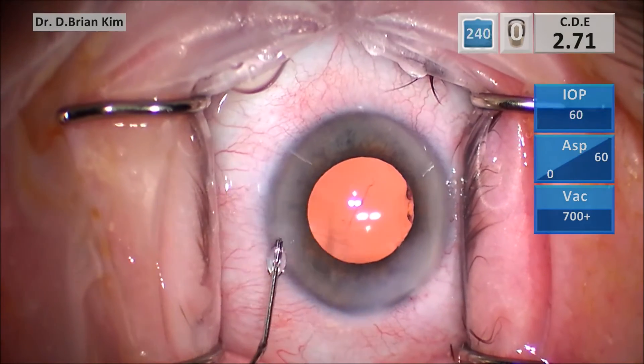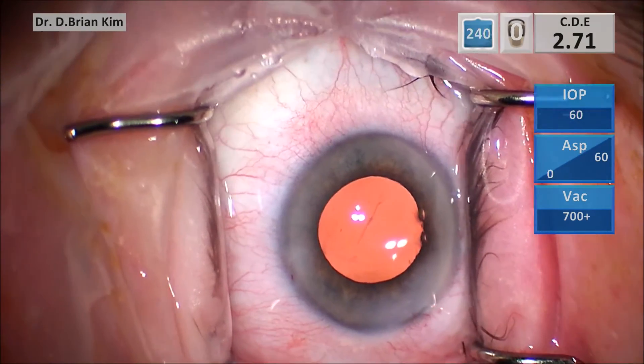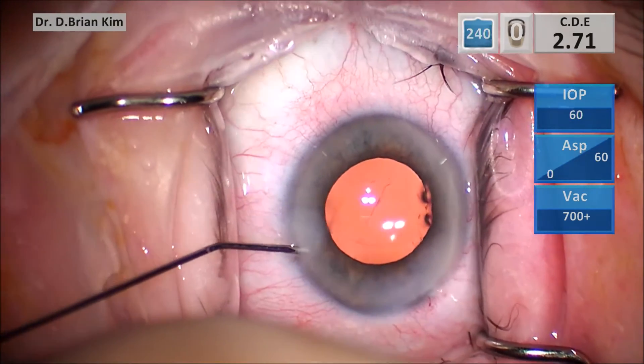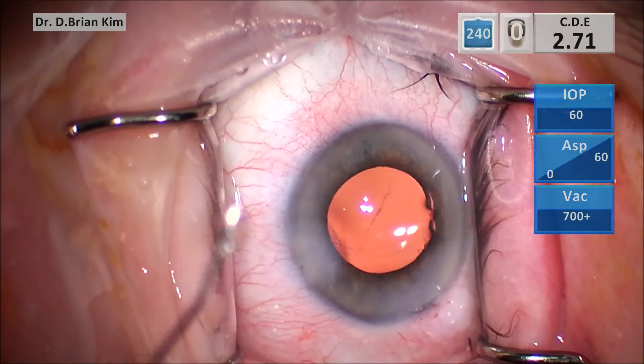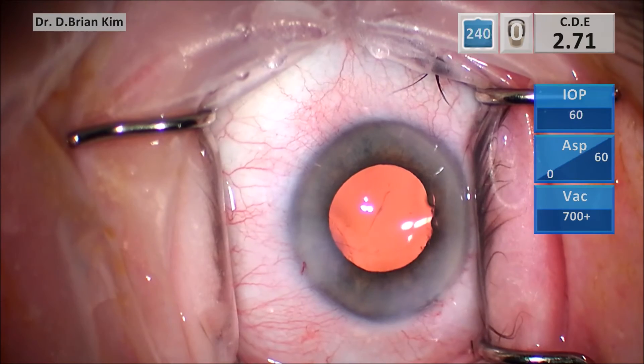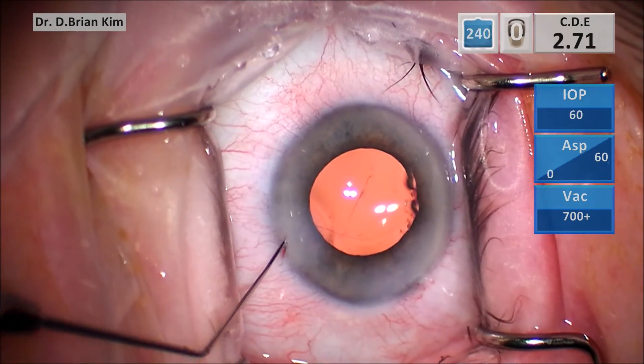Make sure you don't over-inflate the anterior chamber, otherwise the optic will just prolapse back into the bag. I chose a plus 0.50 to get an emmetropic result. In both of these patients, when I targeted that, they ended up with a very good refractive result.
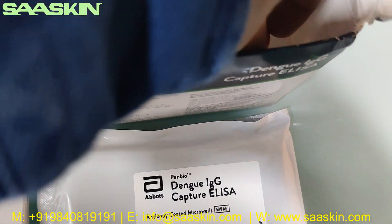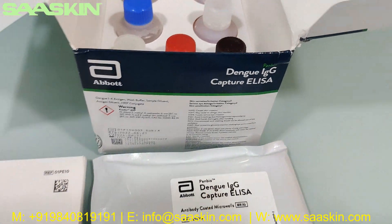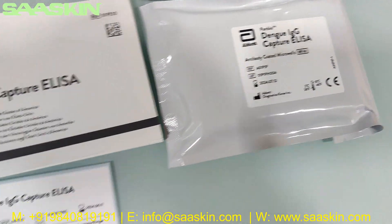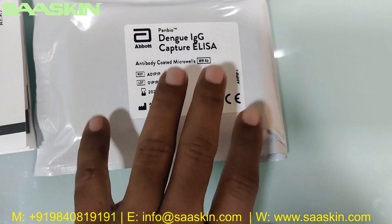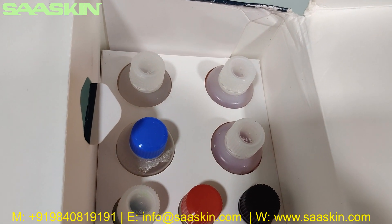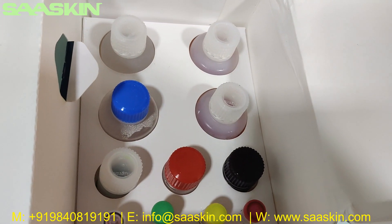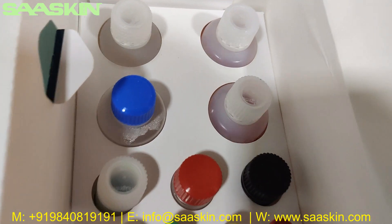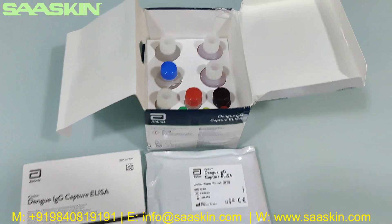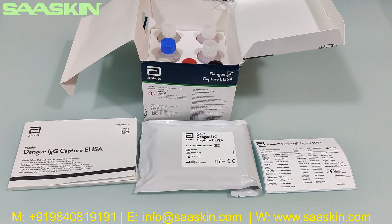So you've now seen all the liquids in this Abbott Dengue IgG Capture ELISA test kit. This is a 96-well kit. There is one manual and one sticker, a Dengue IgG Capture 96-well plate, and all the liquids: antibody-coated microwell plate, Dengue 1-2-4 antigen, antigen diluent, wash buffer, sample diluent, HRP conjugate, TMB chromogen, reactive control, calibrator, negative control, and stop solution, plus the instructions for use. This is the total kit. Thank you.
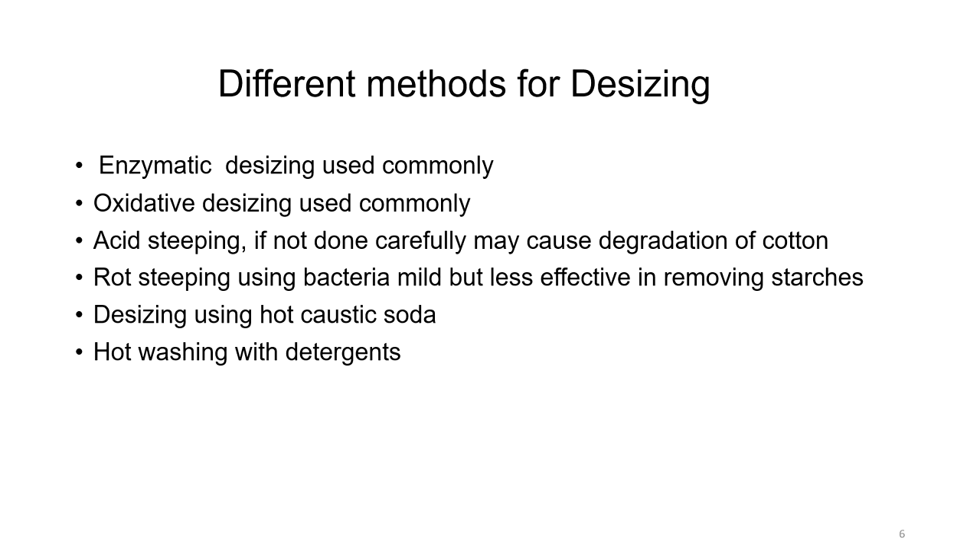Different methods of de-sizing include enzymatic de-sizing, which is used very commonly; oxidative de-sizing, also commonly used; acid steeping, which if not done carefully may cause degradation of cotton; rot steeping using bacteria, which is mild but less effective in removing starches; de-sizing using hot caustic soda; and hot washing with detergents. There are many ways of de-sizing, and these common methods involve fewer chemicals.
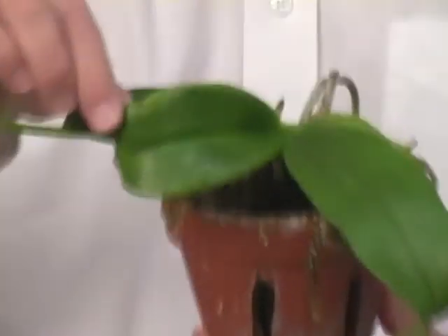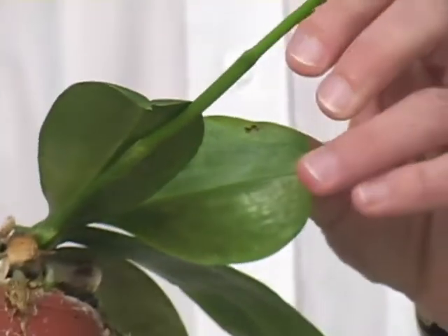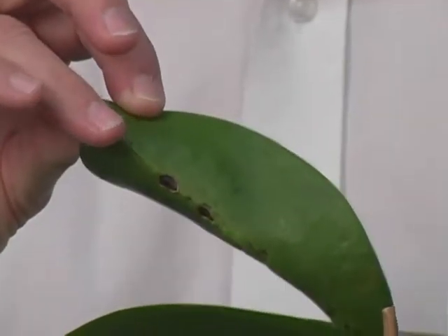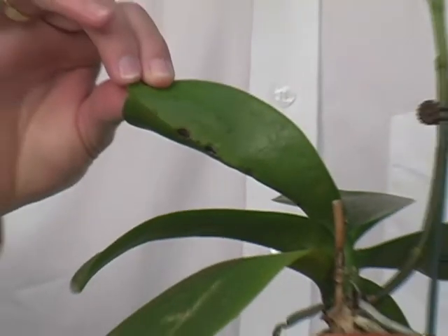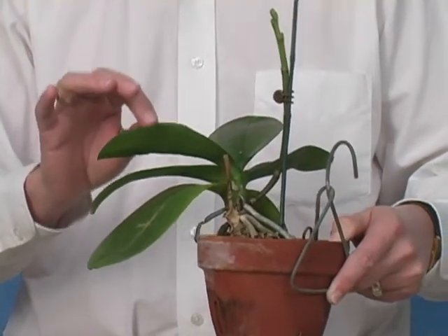If you look at this Phalaenopsis, notice the leaf discoloration and the damage. Look at it from the underside. We have another example of twisted and deformed foliage — look on the backside. These aren't necessarily guarantees of virus, but when you see this sort of thing in your plants, it alerts you to the fact that you might have a virus.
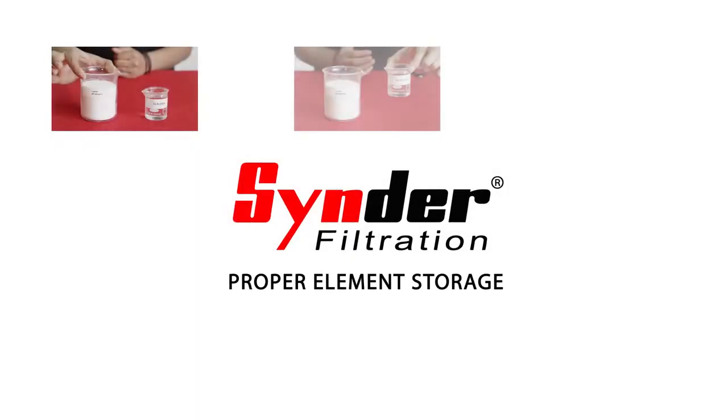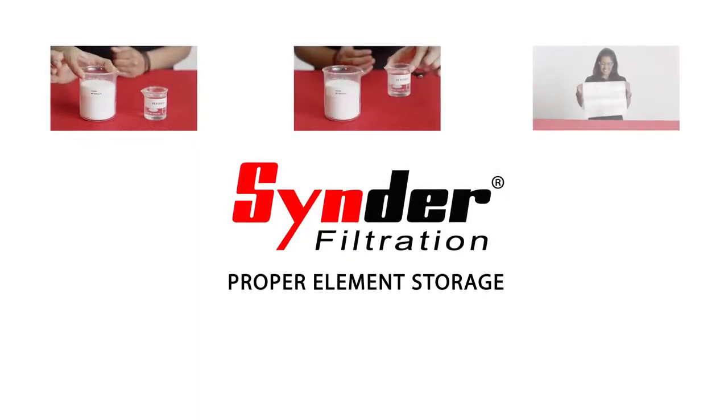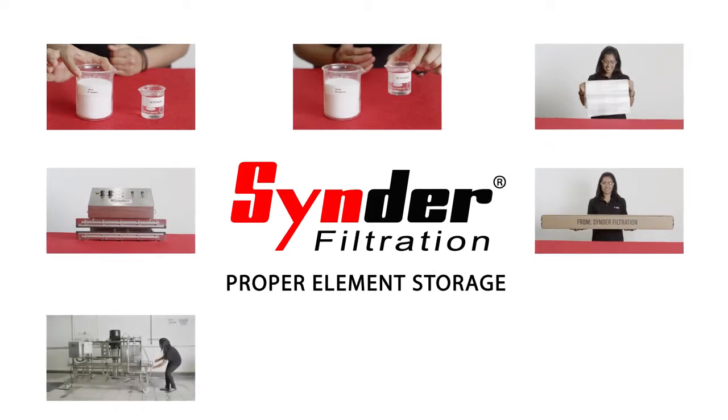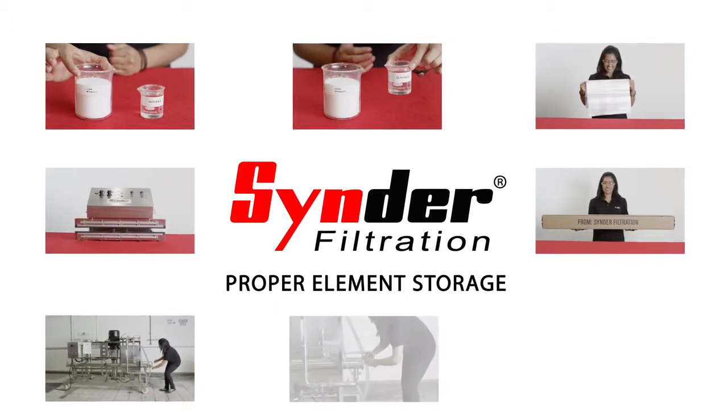Proper storage can eliminate the concern of bacterial growth on membranes, which can cause irreversible damage and void the warranty. In this tutorial, we'll show you the proper procedure to store the filters for an extended period of time.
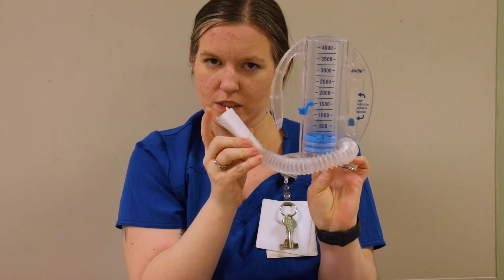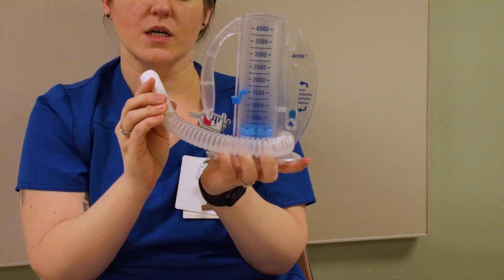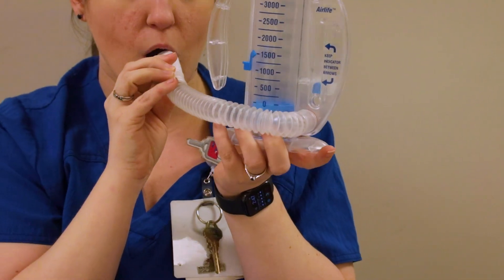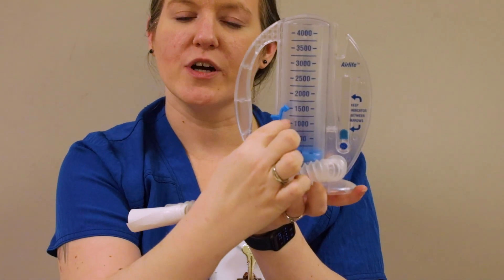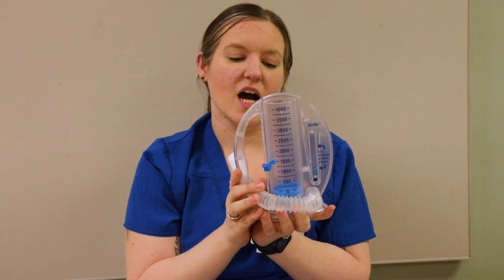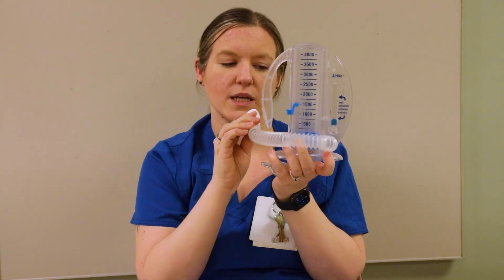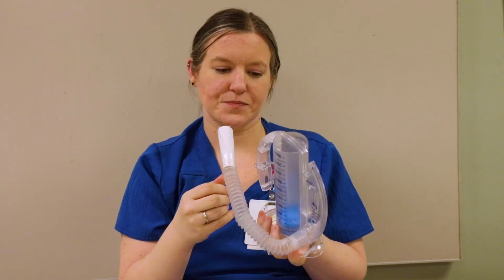I'm going to demonstrate with it facing you so you can see what it's doing — normally the patient would have it facing them. Have your patient take a breath out first, and when they breathe in, they breathe in through the mouthpiece. Make sure they don't blow into it. That rose up to 1,500, so when you document, you would say they got up to 1,500 on their incentive spirometer. It's recommended to do 10 breaths every hour. Some patients struggle with that, so I tell my patients to do two or three breaths every commercial break of their show.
◇ ◇ ◇ ◇ ◇ ◇ ◇
Return verbatim every line from the one holding "Proper storage can" to the end of the records above. Do not copy the pictures.

Proper storage can eliminate the concern of bacterial growth on membranes, which can cause irreversible damage and void the warranty. In this tutorial, we'll show you the proper procedure to store the filters for an extended period of time.
I'm going to demonstrate with it facing you so you can see what it's doing — normally the patient would have it facing them. Have your patient take a breath out first, and when they breathe in, they breathe in through the mouthpiece. Make sure they don't blow into it. That rose up to 1,500, so when you document, you would say they got up to 1,500 on their incentive spirometer. It's recommended to do 10 breaths every hour. Some patients struggle with that, so I tell my patients to do two or three breaths every commercial break of their show.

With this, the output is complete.